:: Records for processing
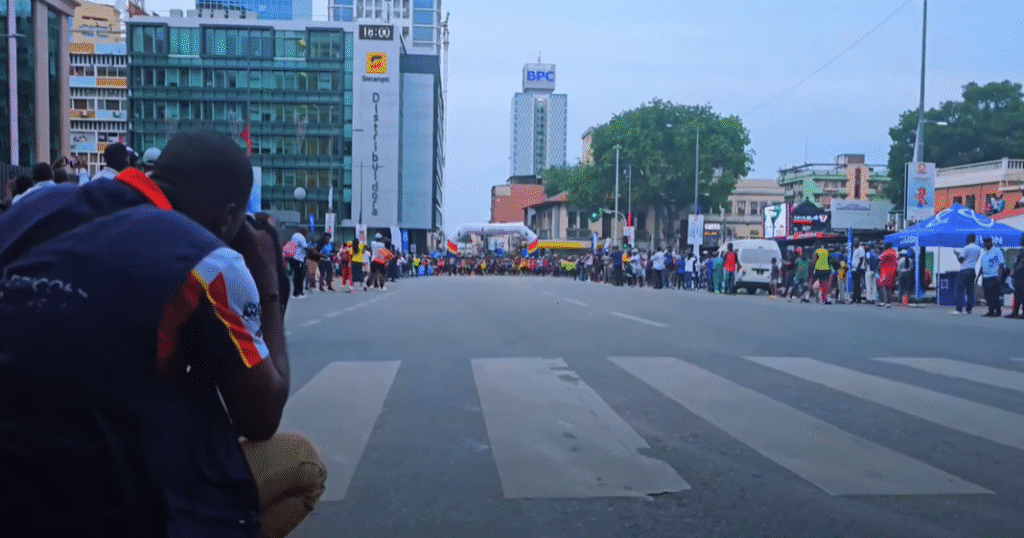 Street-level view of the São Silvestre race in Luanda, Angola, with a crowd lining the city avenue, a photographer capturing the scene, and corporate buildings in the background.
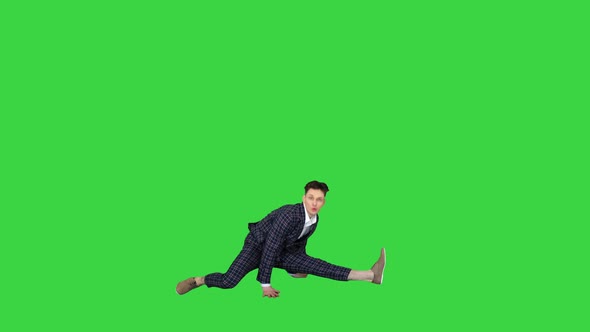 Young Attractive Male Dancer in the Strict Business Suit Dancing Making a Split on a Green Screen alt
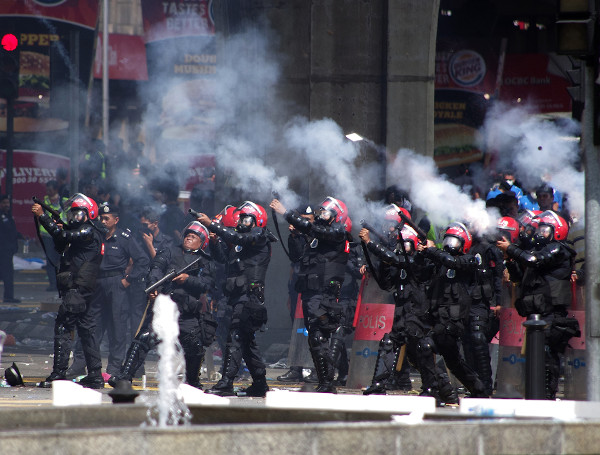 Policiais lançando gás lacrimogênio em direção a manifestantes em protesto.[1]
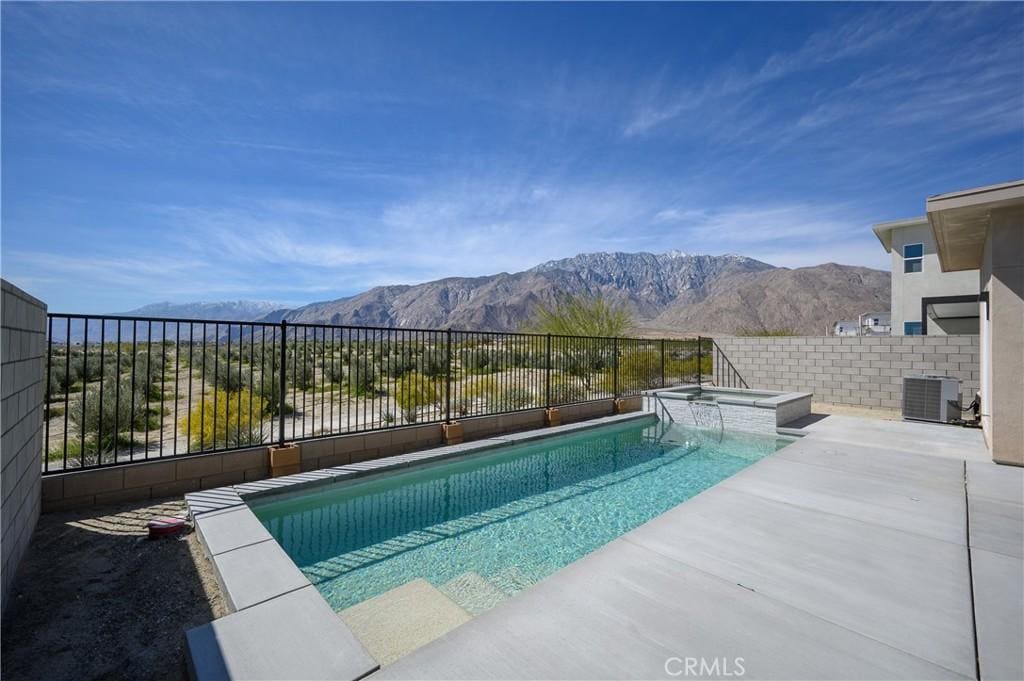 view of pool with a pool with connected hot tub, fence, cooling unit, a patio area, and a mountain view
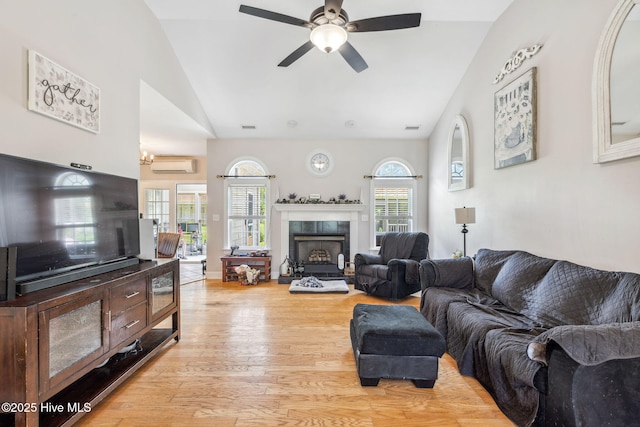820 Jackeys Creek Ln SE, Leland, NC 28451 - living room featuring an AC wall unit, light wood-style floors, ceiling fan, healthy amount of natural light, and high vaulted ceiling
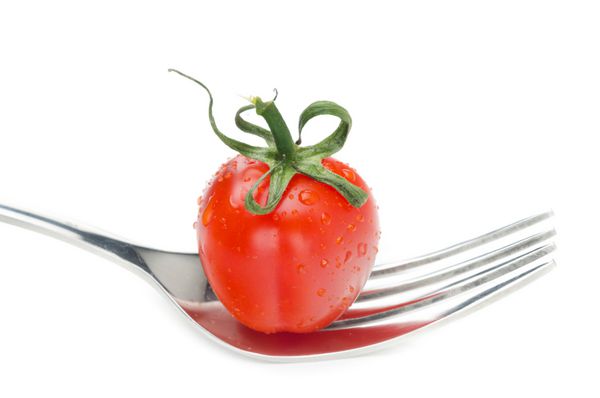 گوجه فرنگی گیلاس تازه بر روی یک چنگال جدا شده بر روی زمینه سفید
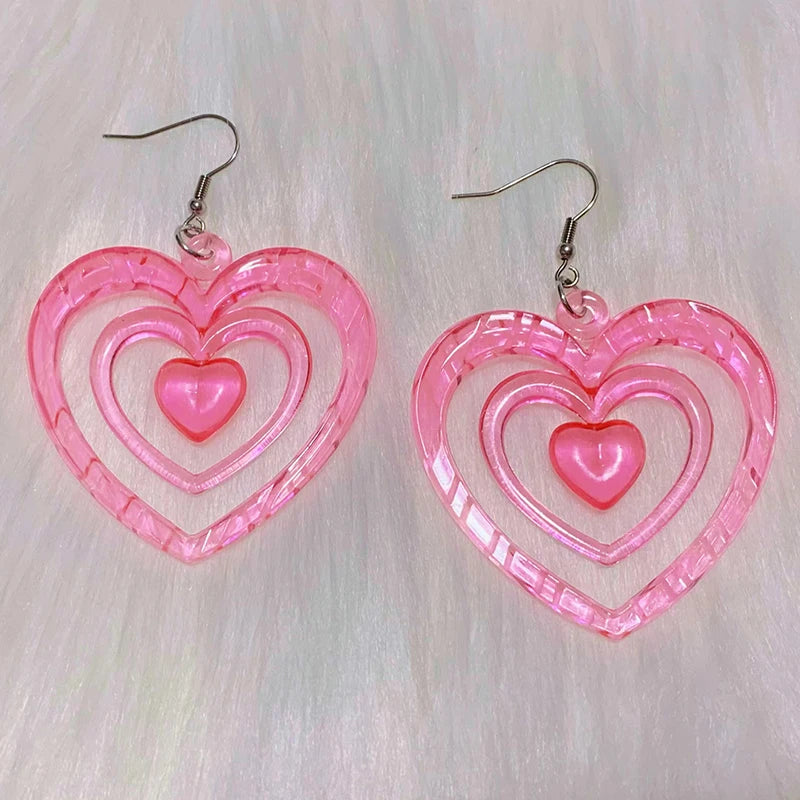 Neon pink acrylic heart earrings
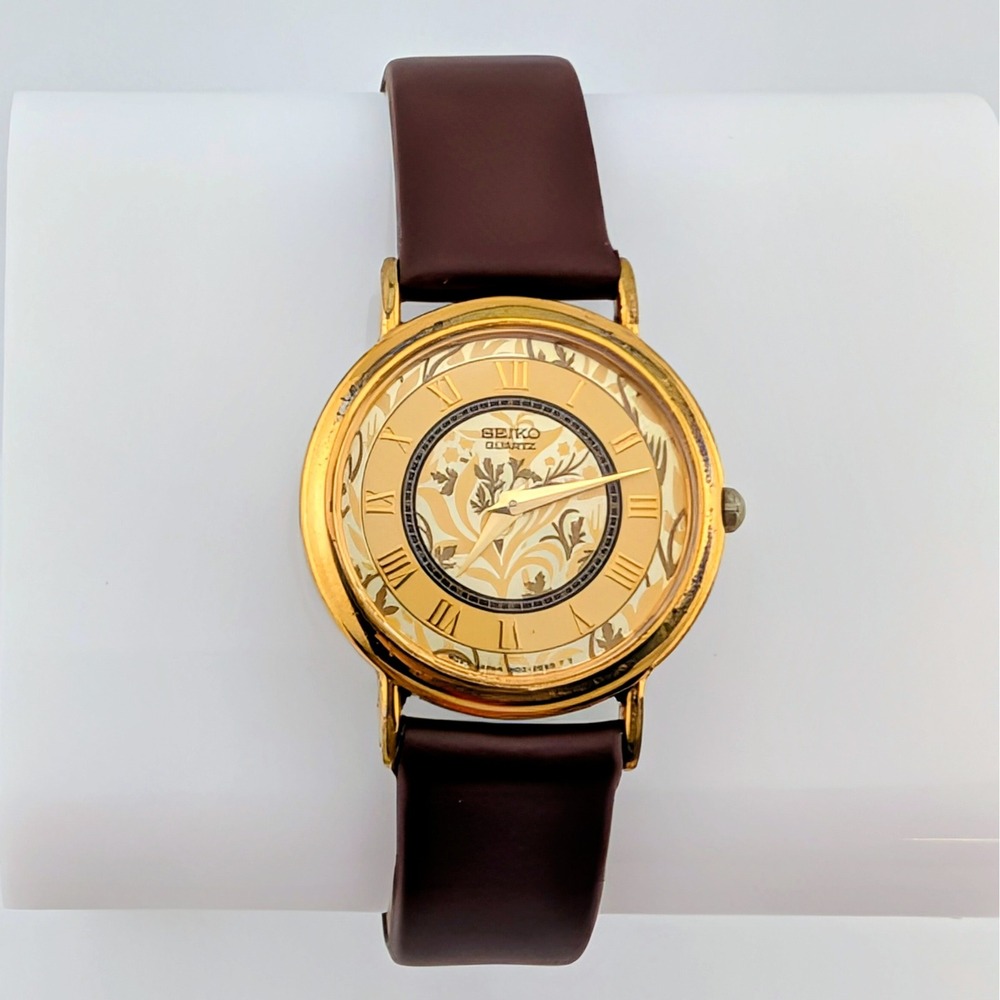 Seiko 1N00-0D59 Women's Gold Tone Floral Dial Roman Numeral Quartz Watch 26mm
::::
• Exercise directions
Leaving out all pictures, retype exactly the lines that run from the one containing "Young Attractive Male" through the last line of the material.

• Reply
 Young Attractive Male Dancer in the Strict Business Suit Dancing Making a Split on a Green Screen alt
 Policiais lançando gás lacrimogênio em direção a manifestantes em protesto.[1]
 view of pool with a pool with connected hot tub, fence, cooling unit, a patio area, and a mountain view
820 Jackeys Creek Ln SE, Leland, NC 28451 - living room featuring an AC wall unit, light wood-style floors, ceiling fan, healthy amount of natural light, and high vaulted ceiling
 گوجه فرنگی گیلاس تازه بر روی یک چنگال جدا شده بر روی زمینه سفید
 Neon pink acrylic heart earrings
 Seiko 1N00-0D59 Women's Gold Tone Floral Dial Roman Numeral Quartz Watch 26mm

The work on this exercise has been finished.